● **Task directions**:
Using the data that follows, output only the lines from the line with "Wanita Cantik Serius" up to and including the line with "Refreshments - The", exactly, leaving pictures aside.

● **Dataset excerpts**:
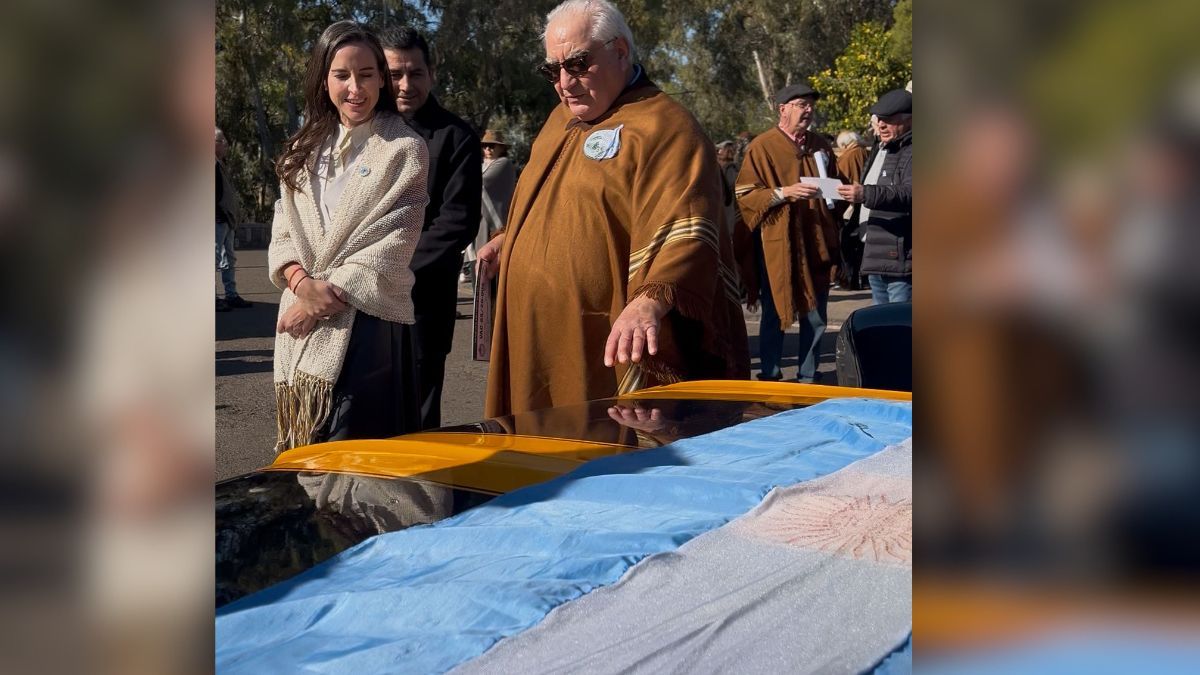 La ministra de Seguridad, Mercedes Rus y los miembros de la Asociación de Autos Antiguos de Mendoza, en el Cerro de la Gloria, en el acto de entrega de las obleas que indican que pertenecen al Registro. La ministra de Seguridad, Mercedes Rus y los miembros de la Asociación de Autos Antiguos de Mendoza, en el Cerro de la Gloria, en el acto de entrega de las obleas que indican que pertenecen al Registro.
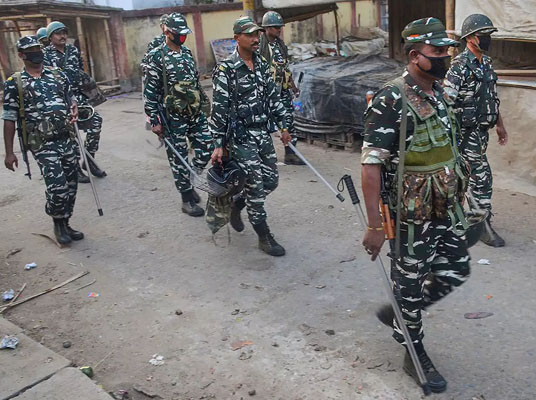 Constable Posts : సీఆర్‌పీఎఫ్‌లో 322 హెడ్‌ కానిస్టేబుల్ పోస్టులకు నోటిఫికేషన్ జారీ..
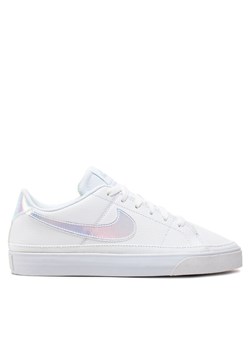 Sneakersy Nike FD0820-100 Biały ze sklepu eobuwie.pl w kategorii Buty sportowe damskie - zdjęcie 182066400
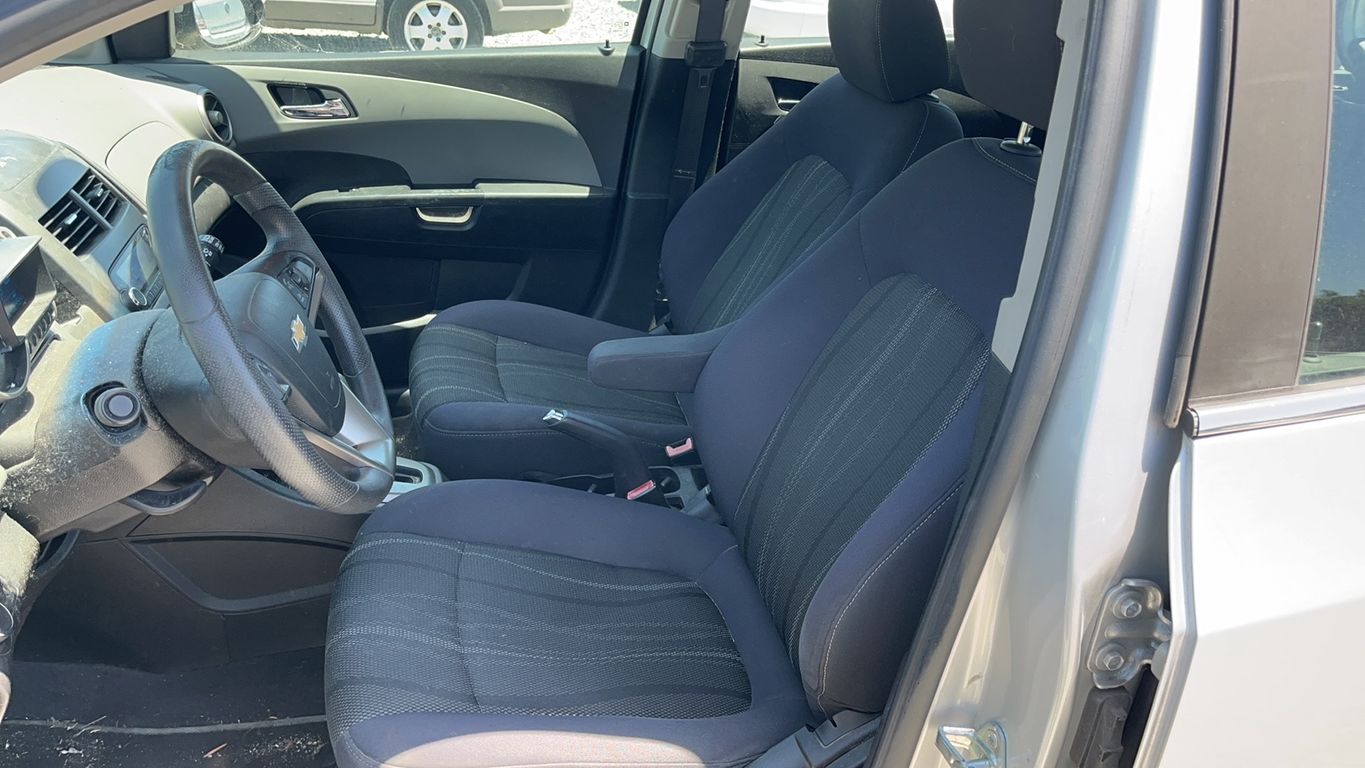 2012 Chevrolet Sonic 7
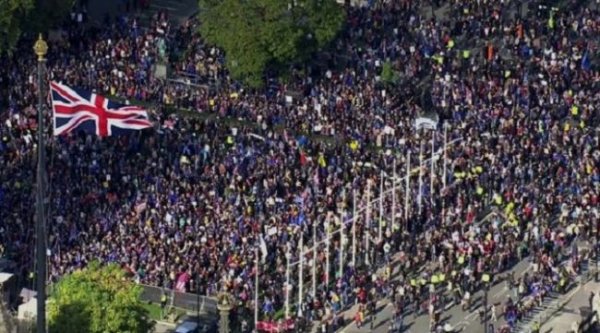 В Лондоне тысячи манифестантов требуют нового референдума по Brexit - «Новости Дня»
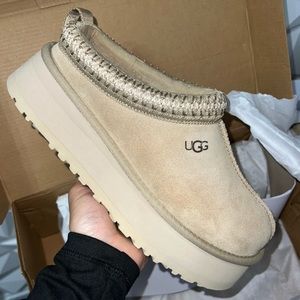 UGG Tazz Platform
Mustard Seed Women's Size 6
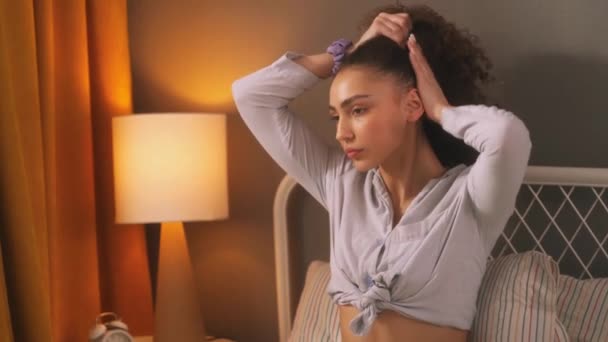 Wanita Cantik Serius Yang Melakukan Gaya Rambut Panjang Perempuan Membuat — Stok Video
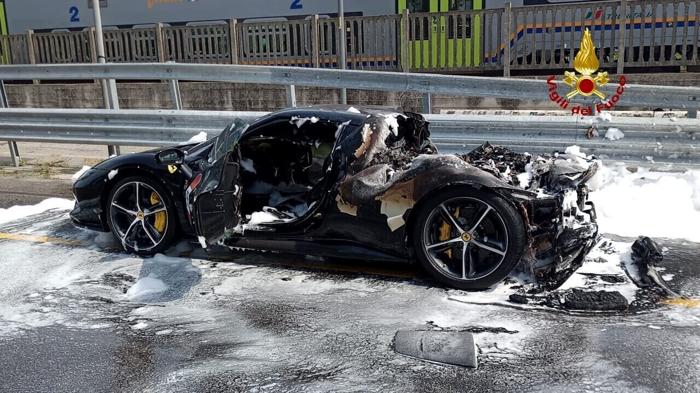 Incendio Ferrari 296 Gts a Mestre: Spettacolo e Rischi delle Auto Sportive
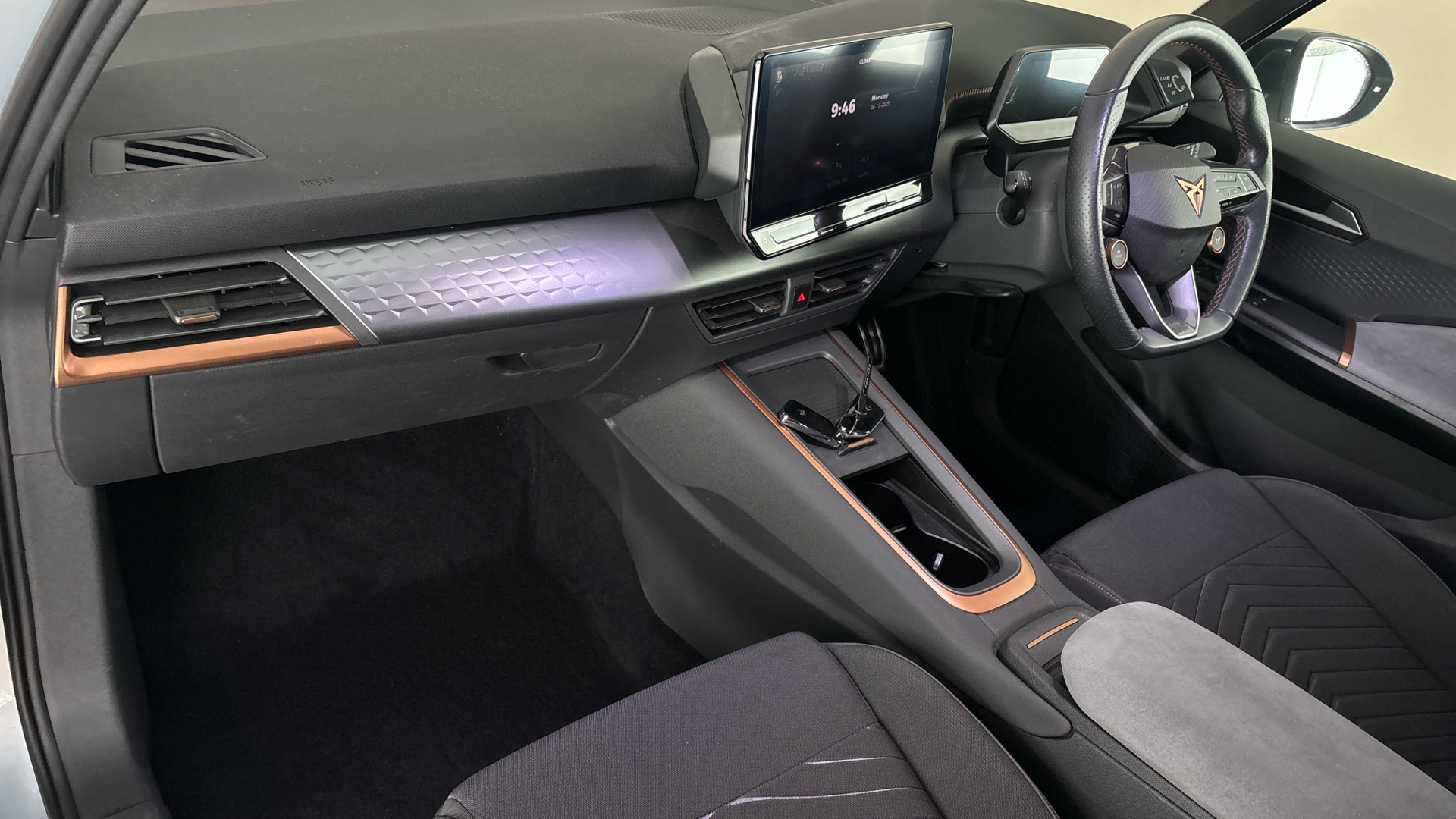 4020859 169kW e-Boost V2 77kWh 5dr Auto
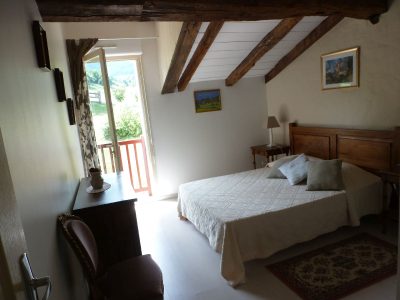 Meubles-8211-Uhart-Cize_105701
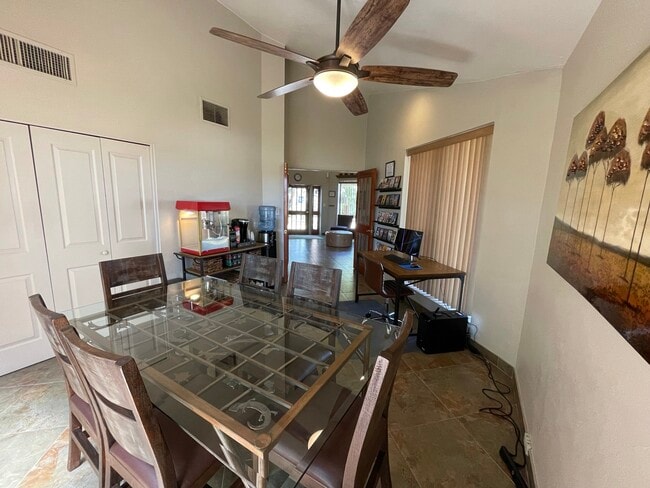 Refreshments - The Woods Apartments at Midvale Park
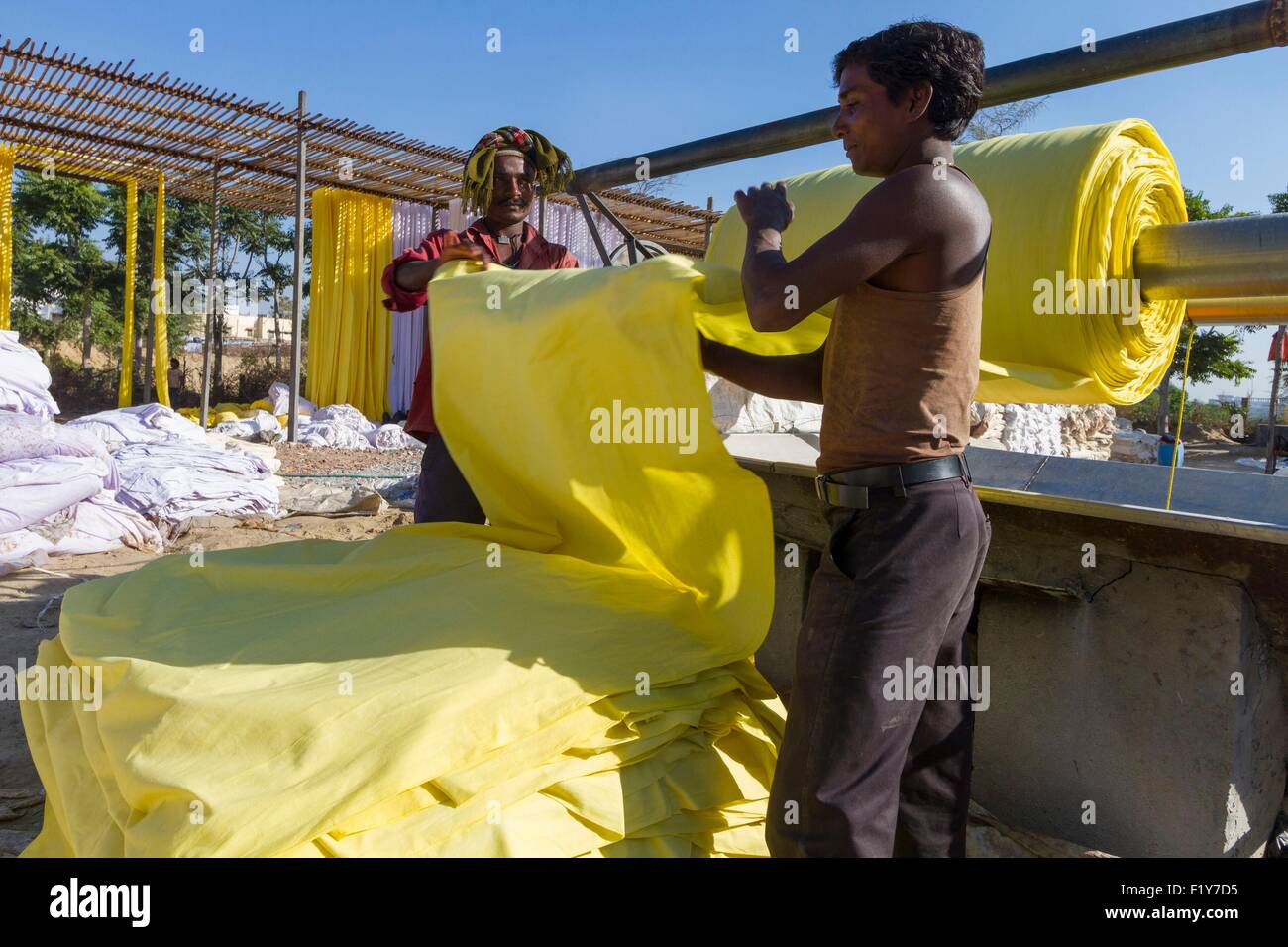 Indien, Rajasthan State Sanganer, Textilfabrik, Textilien Falten Stockfoto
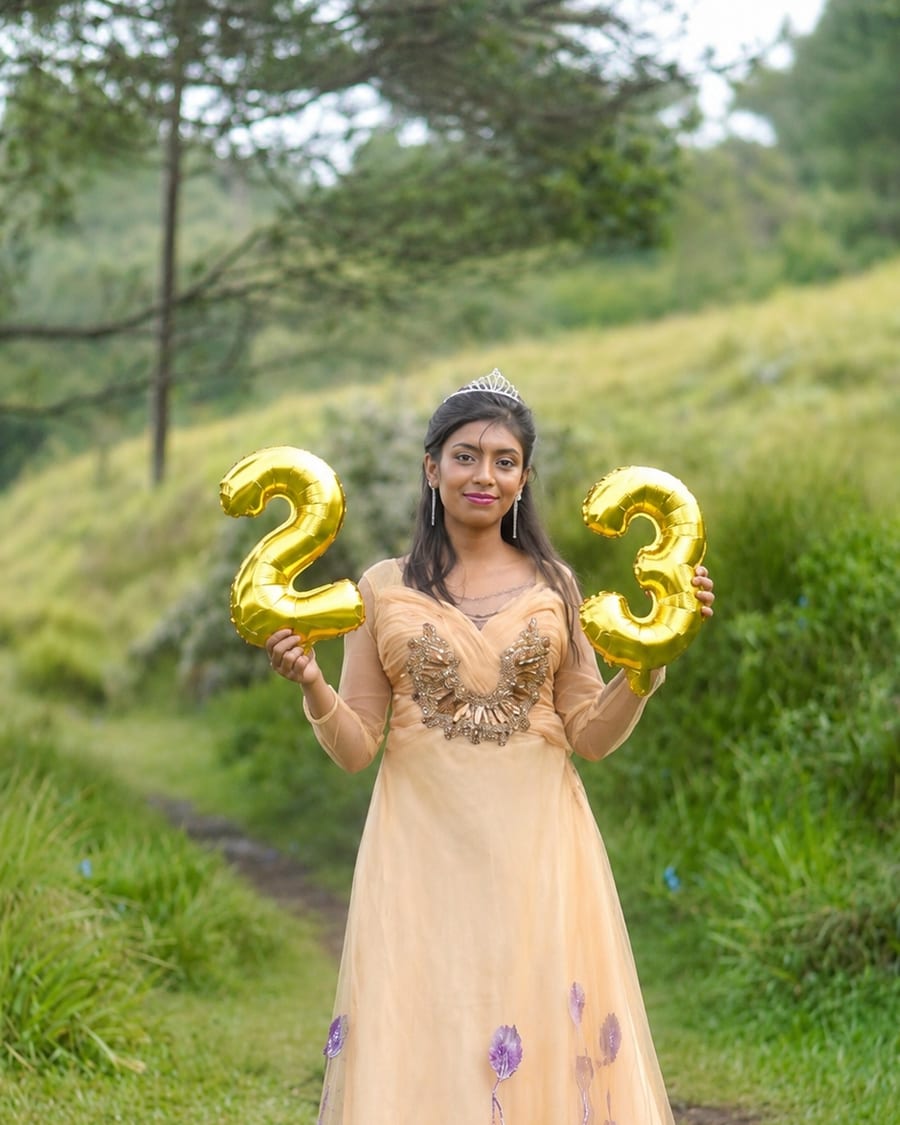 Birthday photography by Zonova Lens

● **Output below**:
 Wanita Cantik Serius Yang Melakukan Gaya Rambut Panjang Perempuan Membuat — Stok Video
 Incendio Ferrari 296 Gts a Mestre: Spettacolo e Rischi delle Auto Sportive
 4020859 169kW e-Boost V2 77kWh 5dr Auto
 Meubles-8211-Uhart-Cize_105701
 Refreshments - The Woods Apartments at Midvale Park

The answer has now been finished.